Tanto en “El sable” como en “Peregrinos en Kumano” asistimos a dos círculos. En el segundo de estos cuentos, un clan de estudiantes y discípulos se congrega en torno a un viejo y colérico maestro poeta, “soltero de toda la vida”, quien debe hacer un viaje misterioso y para ello escoge como compañera a su criada y alumna Tsuneko, que “admiraba al profesor como a un dios a un sol”.
Si hubiese que recomendar un solo cuento de Los sables , acaso sería esta historia del profesor, de Tsuneko y de las razones ocultas para un viaje con algo de rito y algo de lección poética: en los versos, indica el maestro, “hay que saber esconder las emociones”. Mishima, de hecho, hablaba no sin vanidad de su “obra de arte de Kumano”, cuenta Rubio.

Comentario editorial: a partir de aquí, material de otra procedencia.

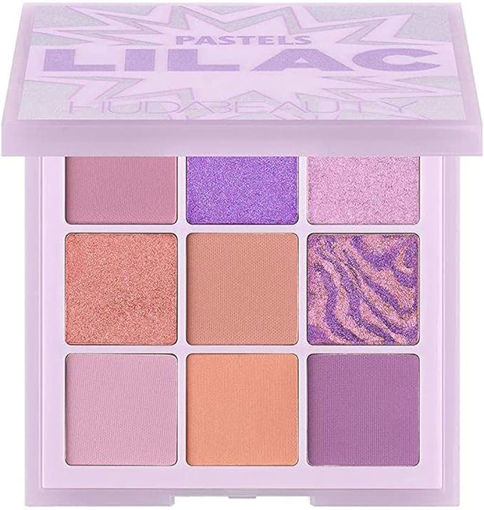 پالت سایه هدی بیوتی مدل پاستل لیلاک Huda Beauty Pastels Lilac Eyeshadow Palette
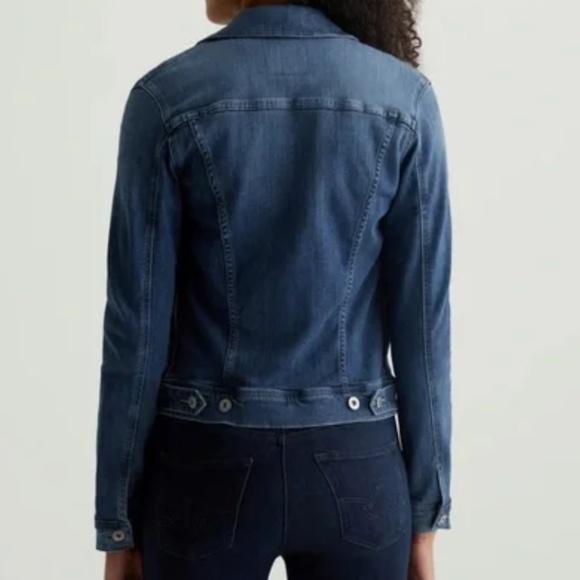 NWOT Adriano Goldschmied fitted jean jacket - Picture 7 of 7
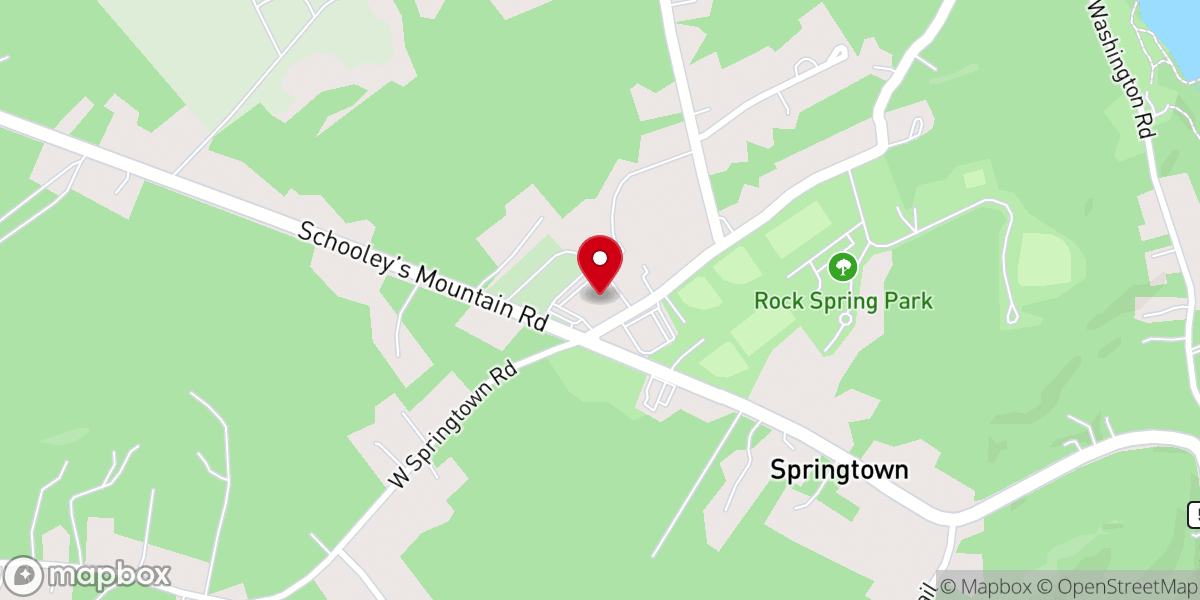 Map showing location of Our Lady of the Mountain Catholic Church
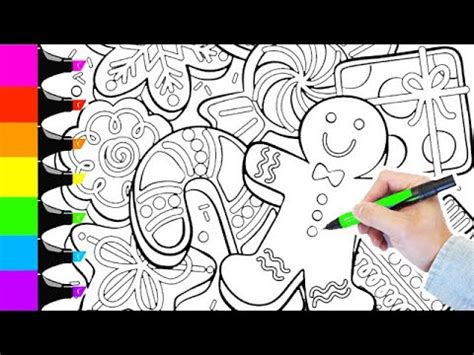 And, i do coloring tutorials. Oddly Satisfying Christmas Cookie decoration coloring ...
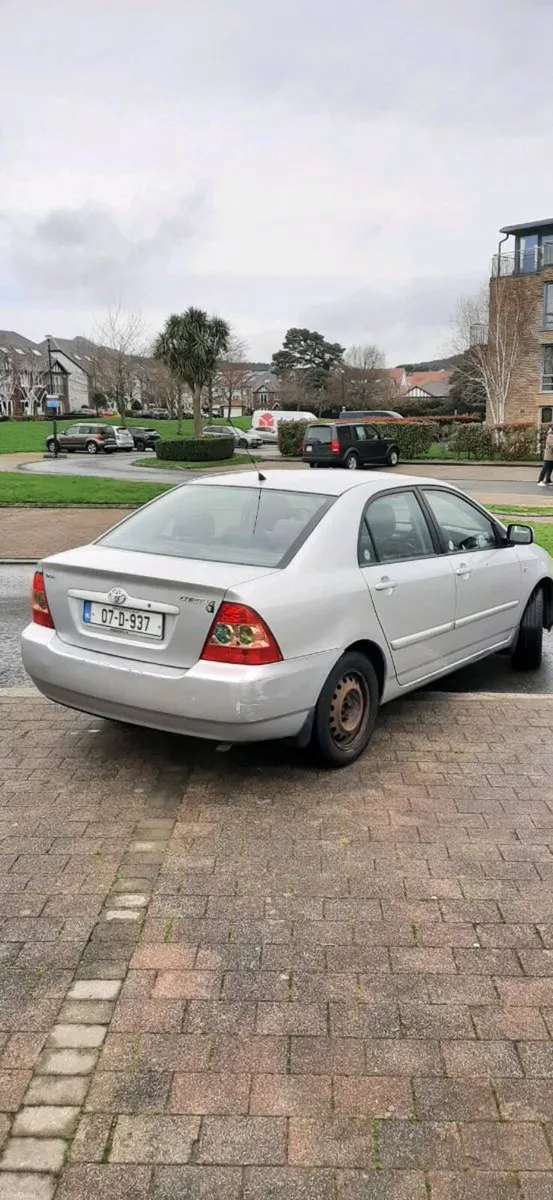 2007 Toyota  corolla 1.4   Petrol - Image 3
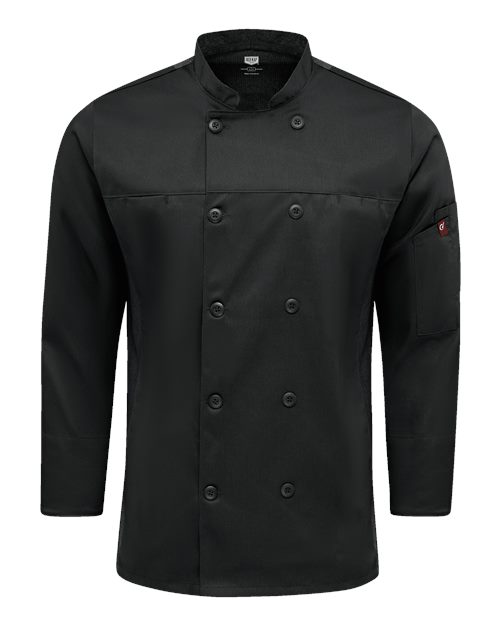 Chef Designs - Deluxe Airflow Chef Coat- 054M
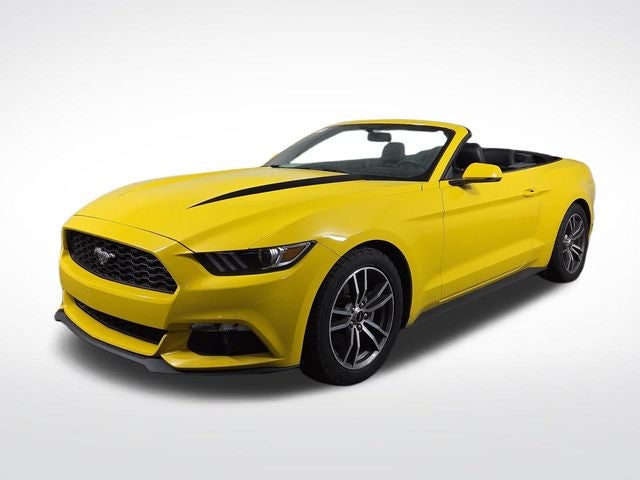 2016 Ford Mustang EcoBoost Premium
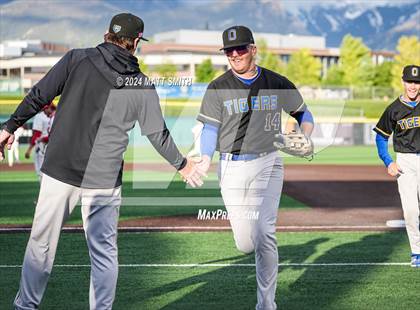 Thumbnail 2 in Orem @ Springville (UHSAA 5A Bracket 1 Round 1) photogallery.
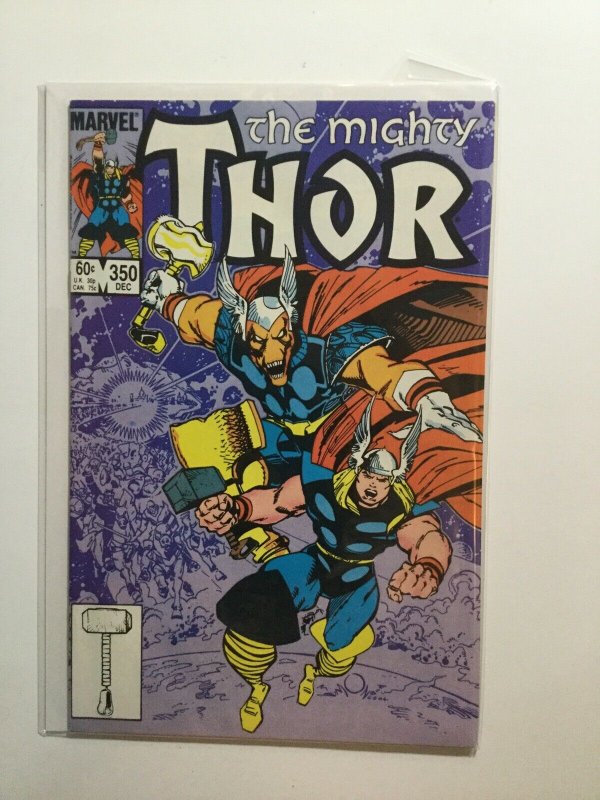 Thor 350 Near Mint Nm Marvel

En cierta entrevista, el escritor japonés dijo que uno de los episodios más traumáticos de su vida fue cuando, tras la Segunda Guerra Mundial, el emperador japonés declaró que no era más un dios. “Sentí aquello como una especie de traición, una traición hacia quienes habían muerto por él.” En tal sentido, resulta esclarecedor que los cuentos más potentes y dramáticos de este libro pongan en escena la reverencia a una personalidad, cosa que al mismo tiempo el propio Mishima buscó a lo largo de su vida, a tal punto que llegó a retratarse desnudo y cubierto de flechas, como un moderno san Sebastián. En la amplia mayoría de estos relatos Mishima narra las causas y los efectos de una autoridad o un líder (amo, ídolo, maestro) que suscita abnegación. Está bien que la edición en inglés de estos mismos cuentos lleve, con notable tino, Acts of Worship (“actos de culto” o “actos de adoración “) a manera de título.